For  \( f(x) = 4 \cos x \) and \( g(x) = 3 \cos\left(x + \frac{\pi}{4}\right) \):

Add both Functions.

▶️Answer/Explanation

Solution:

\( f(x) + g(x) = \operatorname{Re}(4 e^{ix} + 3 e^{i(x + \pi/4)}) = \operatorname{Re}(6.48 e^{i(x + 0.334)}) = 6.48 \cos(x + 0.334) \).

Application: Adding waves of the same frequency results in a wave of the same frequency.

Example

For  \( V_1(t) = 7 \sin(4t – 1) \) and \( V_2(t) = 2 \sin(4t + 3) \)

Add both Functions.

▶️Answer/Explanation

Solution:

 \( V_1(t) + V_2(t) = 5.89 \sin(4t – 1.26) \).

GEOMETRICAL INTERPRETATION OF COMPLEX NUMBERS

Modulus

  • The modulus represents the distance from the origin to the point in the complex plane.

Argument

  • The argument represents the angle from the positive real axis to the line connecting the origin to the point.

Multiplication of Complex Numbers

Geometrically, multiplying two complex numbers in polar form:

  • Multiplies their moduli
  • Adds their arguments

 This results in:

  • A scaling (change in size based on modulus)
  • A rotation (change in direction based on angle addition)

Division of Complex Numbers

Geometrically, dividing two complex numbers in polar form:

  • Divides their moduli
  • Subtracts their arguments

This results in:

  • Inverse scaling (shrinking or enlarging)
  • Rotation in the opposite direction (based on angle subtraction)

Example

Consider the complex number $z = 5 + 3i$.
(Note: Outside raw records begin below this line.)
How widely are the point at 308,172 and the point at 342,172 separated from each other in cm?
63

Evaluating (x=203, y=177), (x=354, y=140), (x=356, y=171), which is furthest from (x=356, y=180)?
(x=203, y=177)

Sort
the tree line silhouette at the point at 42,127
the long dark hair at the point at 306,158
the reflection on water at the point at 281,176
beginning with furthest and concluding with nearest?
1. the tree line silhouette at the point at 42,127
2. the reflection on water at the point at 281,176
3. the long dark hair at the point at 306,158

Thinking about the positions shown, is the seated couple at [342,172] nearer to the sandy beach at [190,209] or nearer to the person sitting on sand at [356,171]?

If $iz$ is represented on an Argand diagram by the point $A$, in which quadrant of the Argand plane does $A$ lie?

Sketch it on Argand plane.

▶️Answer/Explanation

Solution:

$
\begin{align}
iz &= i(5 + 3i) \\
&= 5i + 3i^2 \\
&= 5i + 3(-1) \\
&= -3 + 5i
\end{align}
$

Now, on an Argand diagram, a complex number $a + bi$ is represented by the point $(a, b)$. So:

$z = 5 + 3i$ corresponds to the point $(5, 3)$
$iz = -3 + 5i$ corresponds to the point $(-3, 5)$

Thus, the point $A$, which represents $iz$, lies in the second quadrant (where real part is negative and imaginary part is positive).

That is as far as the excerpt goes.